Determining the values of foreign resistors by color code is the same as for domestic ones. The color code tables for domestic and foreign resistors are the same.
Many companies, in addition to traditional markings, use their own in-house color and code markings. For example, SMD resistors are marked when a colon is placed instead of the number 8. So, the marking 1:23 means 182 kOhm, and 80R6 means 80.6 Ohm.

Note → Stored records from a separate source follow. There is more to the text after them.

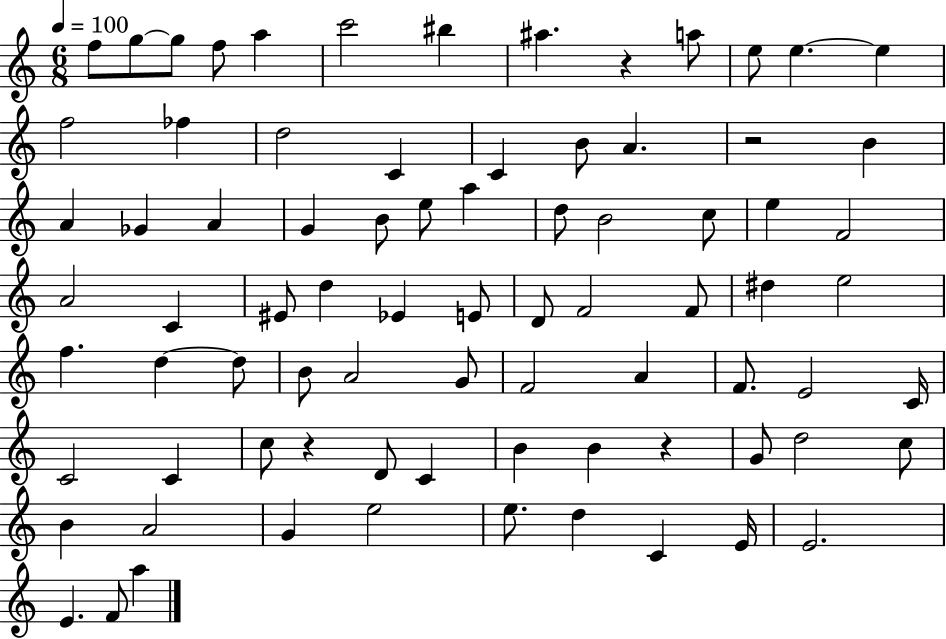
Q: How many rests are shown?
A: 4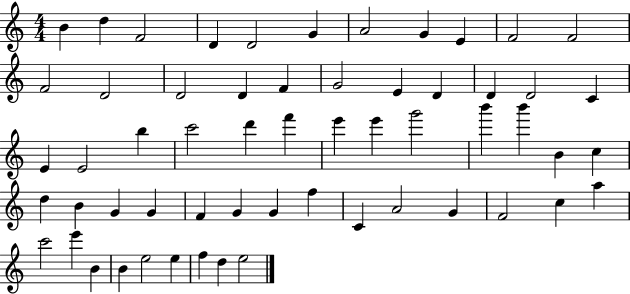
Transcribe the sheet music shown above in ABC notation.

X:1
T:Untitled
M:4/4
L:1/4
K:C
B d F2 D D2 G A2 G E F2 F2 F2 D2 D2 D F G2 E D D D2 C E E2 b c'2 d' f' e' e' g'2 b' b' B c d B G G F G G f C A2 G F2 c a c'2 e' B B e2 e f d e2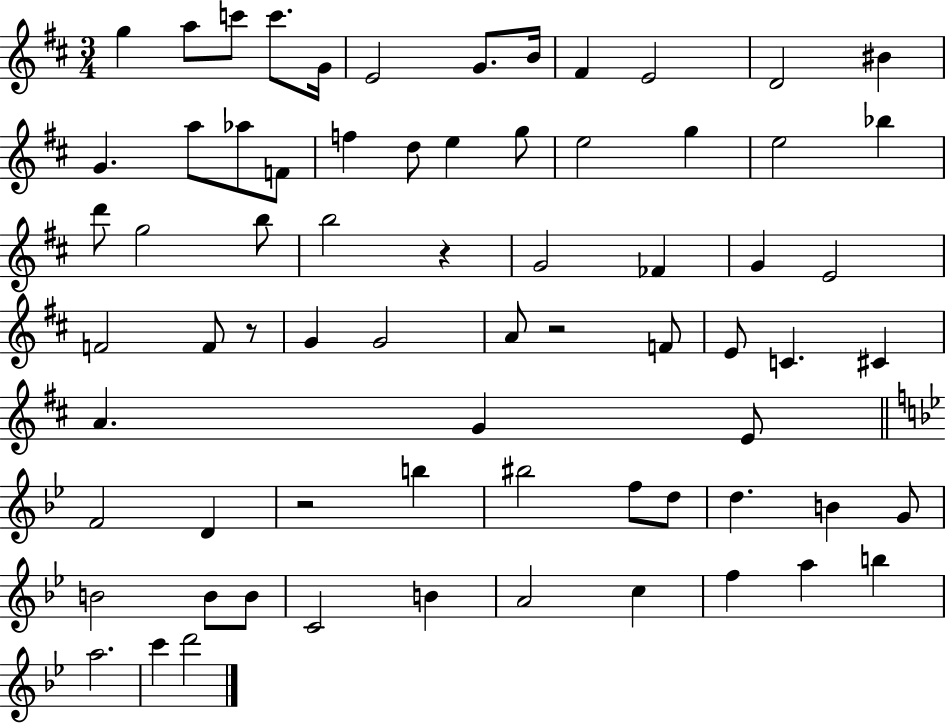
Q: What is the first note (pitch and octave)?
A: G5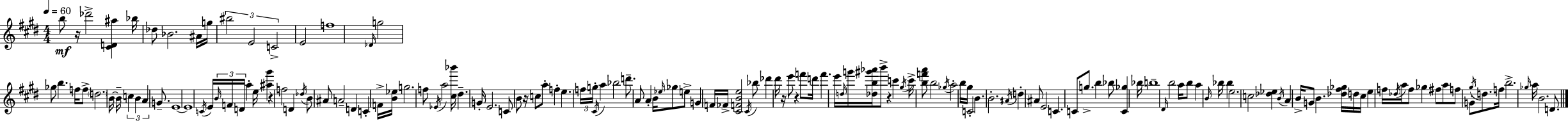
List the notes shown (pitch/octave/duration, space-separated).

B5/e R/s Db6/h [C#4,D4,A#5]/q Bb5/s Db5/e Bb4/h. A#4/s G5/s BIS5/h E4/h C4/h E4/h F5/w Db4/s G5/h Gb5/e B5/q. F5/s F5/e D5/h. B4/s B4/s C5/q B4/q A4/q G4/e. E4/w E4/w C4/s E4/s B4/s F4/s D4/s A5/q E5/s [A#5,G#6]/q R/q F5/h D4/q Db5/s B4/e A#4/e A4/h D4/q C4/q F4/s [B4,Eb5]/s G5/h. F5/e Eb4/s A5/h [C#5,Bb6]/s D#5/q. G4/s E4/h. C4/e B4/e R/s C5/e A5/e F5/q E5/q. F5/s G5/s C#4/s A5/q Bb5/h D6/e. A4/e A4/q B4/s Eb5/s Gb5/e E5/e G4/q F4/s FES4/s [C#4,F4,B4,E5]/h C#4/s Bb5/e Db6/q D#6/s R/s E6/e R/q F6/e D6/s F6/q. E6/s D5/s G6/s [Db5,B5,G#6,Ab6]/s B6/e R/q C6/q G#5/s C6/s [B5,F6,A6]/e B5/h Gb5/s A5/h B5/s G#5/s C4/h B4/q. B4/h. A#4/s D5/q A#4/e E4/h C4/q. C4/e G5/e. B5/q Bb5/e [C4,Gb5]/q Bb5/s B5/w D#4/s B5/h A5/s B5/e A5/q B4/s Bb5/s Bb5/q E5/h. C5/h [Db5,Eb5]/q B4/s A4/q B4/s G4/e B4/q. [Db5,F#5,Gb5]/s D5/s C#5/s E5/q F5/s Db5/s A5/s F5/e Gb5/q F#5/e A5/e F5/e G4/e G#5/s D5/e. F5/s B5/h. Gb5/s A5/s B4/h. D4/e.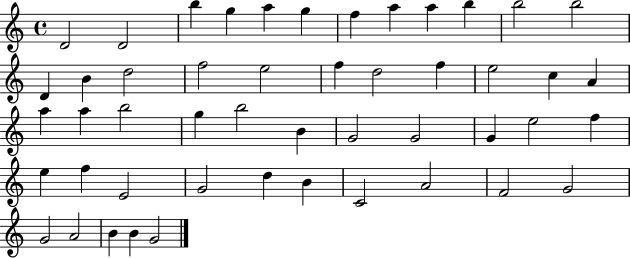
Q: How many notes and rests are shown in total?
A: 49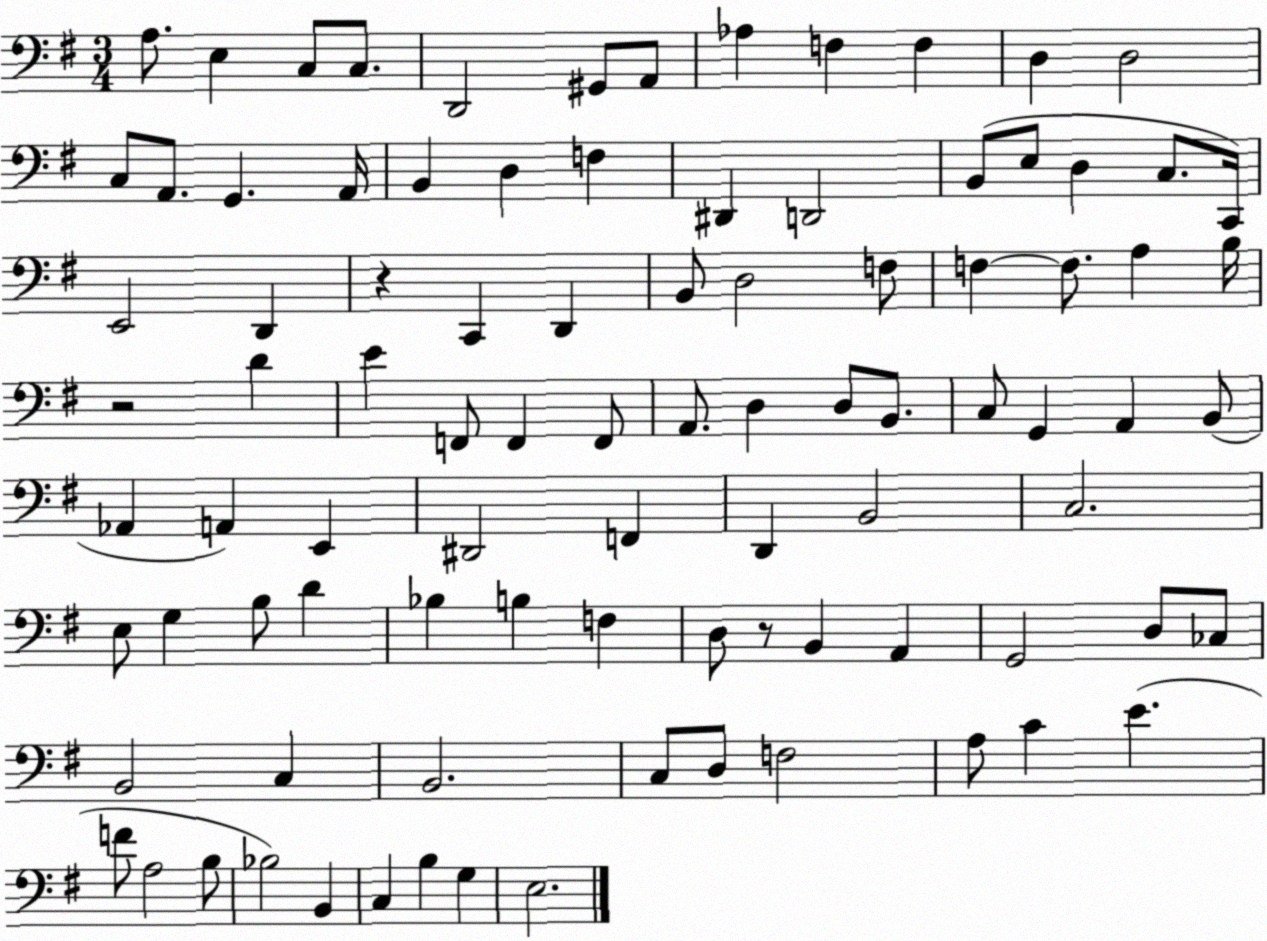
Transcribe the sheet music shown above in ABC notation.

X:1
T:Untitled
M:3/4
L:1/4
K:G
A,/2 E, C,/2 C,/2 D,,2 ^G,,/2 A,,/2 _A, F, F, D, D,2 C,/2 A,,/2 G,, A,,/4 B,, D, F, ^D,, D,,2 B,,/2 E,/2 D, C,/2 C,,/4 E,,2 D,, z C,, D,, B,,/2 D,2 F,/2 F, F,/2 A, B,/4 z2 D E F,,/2 F,, F,,/2 A,,/2 D, D,/2 B,,/2 C,/2 G,, A,, B,,/2 _A,, A,, E,, ^D,,2 F,, D,, B,,2 C,2 E,/2 G, B,/2 D _B, B, F, D,/2 z/2 B,, A,, G,,2 D,/2 _C,/2 B,,2 C, B,,2 C,/2 D,/2 F,2 A,/2 C E F/2 A,2 B,/2 _B,2 B,, C, B, G, E,2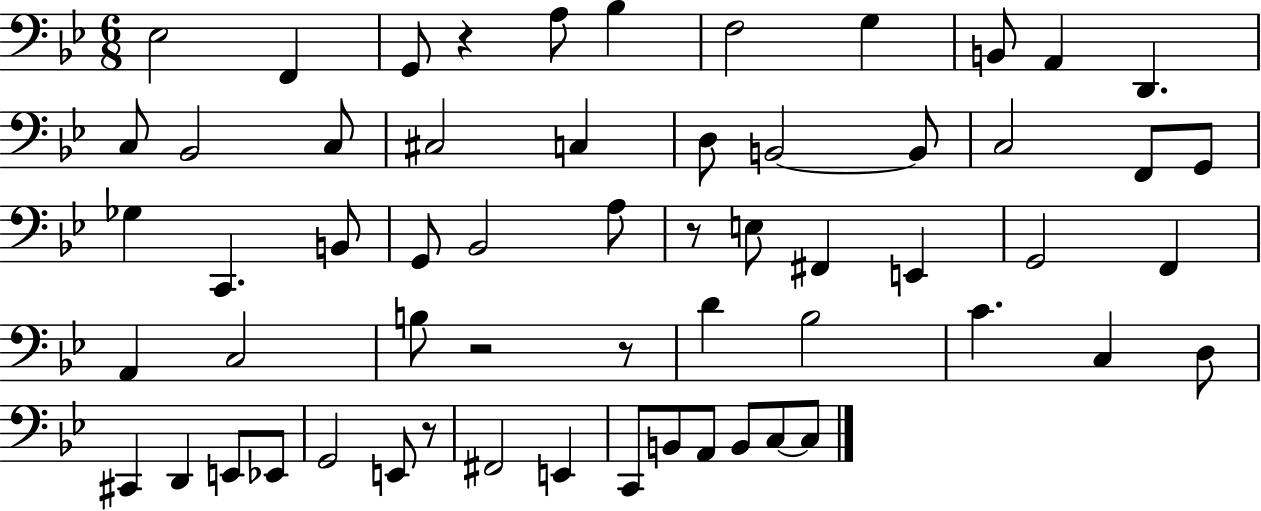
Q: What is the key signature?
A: BES major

| Color of rings or dots | Nominal resistance, Ohm | Factor | Tolerance, % | TKS, %/GS | ||
| 1st digit | 2nd digit | 3rd digit | 4th digit | 5th digit | P | |
| Silver | - | - | - | 0601 | ±10 | - |
| Golden | - | - | - | 061 | ±5 | - |
| Black | - | 0 | - | 1 | - | - |
| Brown | 1 | 1 | 1 | 10 | ±1 | 100 |
| Red | 2 | 2 | 2 | 10^2 | ±2 | 50 |
| Orange | 3 | 3 | 3 | 10^3 | - | 15 |
| Yellow | 4 | 4 | 4 | 10^4 | - | 25 |
| Green | 5 | 5 | 5 | 10^5 | ±0.5 | - |
| Blue | 6 | 6 | 6 | 10^6 | ±0.25 | 10 |
| Violet | 7 | 7 | 7 | 10^7 | ±0.1 | 5 |
| Grey | 8 | 8 | 8 | 10^8 | ±0.05 | - |
| White | 9 | 9 | 9 | 10^9 | - | 1 |
Rice. 1. Color marking of domestic and foreign resistors in the form of rings or dots, depending on tolerance and TKE.
Literature: V.M. Pestrikov. Encyclopedia of amateur radio.